YOUR ASSIGNMENT: Write out, word for word, every line in the data below from the one containing "Sedia Chleby, 2" to the one containing "StarTech.com USB-C naar", both of them included.

--

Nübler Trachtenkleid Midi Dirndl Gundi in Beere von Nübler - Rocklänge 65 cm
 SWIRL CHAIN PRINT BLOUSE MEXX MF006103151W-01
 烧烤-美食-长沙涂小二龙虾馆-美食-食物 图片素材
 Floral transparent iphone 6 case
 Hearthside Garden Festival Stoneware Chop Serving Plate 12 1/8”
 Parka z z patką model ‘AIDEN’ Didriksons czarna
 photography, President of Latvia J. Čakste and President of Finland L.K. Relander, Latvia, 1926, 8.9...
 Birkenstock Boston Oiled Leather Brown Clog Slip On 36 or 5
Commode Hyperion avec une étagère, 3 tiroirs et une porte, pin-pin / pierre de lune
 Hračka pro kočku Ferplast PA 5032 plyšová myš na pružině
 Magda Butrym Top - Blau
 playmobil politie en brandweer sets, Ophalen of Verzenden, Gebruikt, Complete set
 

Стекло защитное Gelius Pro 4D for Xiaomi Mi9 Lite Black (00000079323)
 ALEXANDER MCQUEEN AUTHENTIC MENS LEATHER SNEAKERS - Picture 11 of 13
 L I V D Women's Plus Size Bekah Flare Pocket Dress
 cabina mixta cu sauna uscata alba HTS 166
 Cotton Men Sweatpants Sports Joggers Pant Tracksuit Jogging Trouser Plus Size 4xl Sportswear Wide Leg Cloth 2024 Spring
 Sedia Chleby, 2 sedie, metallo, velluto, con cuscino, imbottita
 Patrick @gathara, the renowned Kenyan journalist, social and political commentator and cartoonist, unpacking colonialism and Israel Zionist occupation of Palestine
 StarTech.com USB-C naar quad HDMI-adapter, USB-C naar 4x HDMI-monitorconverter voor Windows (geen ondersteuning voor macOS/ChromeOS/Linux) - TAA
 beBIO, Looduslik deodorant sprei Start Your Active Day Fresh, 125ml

--

WRITTEN REPLY:
 Sedia Chleby, 2 sedie, metallo, velluto, con cuscino, imbottita
 Patrick @gathara, the renowned Kenyan journalist, social and political commentator and cartoonist, unpacking colonialism and Israel Zionist occupation of Palestine
 StarTech.com USB-C naar quad HDMI-adapter, USB-C naar 4x HDMI-monitorconverter voor Windows (geen ondersteuning voor macOS/ChromeOS/Linux) - TAA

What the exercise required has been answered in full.